JUNIOR SEMINAR: DEVELOPMENTALISM AND ITS DISMANTLING

Semester
Spring 2016
Instructor(s)
Units
4
Section
4
Number
191
CCN
71862
Times
W 4-6
Location
202 Barrows
Course Description

Several countries in East Asia have been categorized as ‘developmental states,’ astonishing the political world by their governments’ ability to orchestrate economic changes as well as stunning the economic world by their rapid transformations into sophisticated industrial democracies. Most typically noted as examples are Japan, South Korea, and Taiwan. For long periods in the 1970s-1990s their political economies resembled one another in many ways: continuity of conservative political leadership, close ties between business and politics, strong bureaucratic powers, tight domestic monopolies over finance, limited social welfare state provisions, a focus on exports, and rapid industrial transformation and high growth. Less well examined is what has happened to these three in the face of two big external changes that challenged prior political and economic arrangements, most notably an end to East Asian security bipolarity and the challenge to national financial insulation by global capital movements.

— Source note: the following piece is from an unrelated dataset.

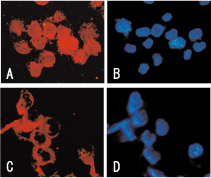 処理したU266 細胞のNFκBの局在を免疫化学染色で解析した。NFκB の核内移行が阻害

This seminar will examine both development and its (possible) dismantling. Concentrating on the three cases of Japan, Korea and Taiwan, the seminar will engage a series of integrated readings on several key topics on both facets. Each student will be expected to write 4-5 high quality 6-8 page papers dealing with various week’s readings.

 

The Junior Seminars are intense writing seminars which focus on the research area of the faculty member teaching the course. The seminars provide an opportunity for students to have direct intellectual interactions with faculty members while also giving the students an understanding for faculty research.

 

Junior seminars fulfill upper division requirements for the major.

 

Subfield:   Comparative Politics

Requirements

Political Science Majors of Junior and Senior status (must be 3rd or 4th year students with at least 60 units completed) with a minimum overall UC GPA of 3.3.  Students must place themselves on the waitlist through TeleBEARS in Phase II. Priority may be given to students who have not yet taken a junior seminar.  Selection and notification will occur in mid-January 2016.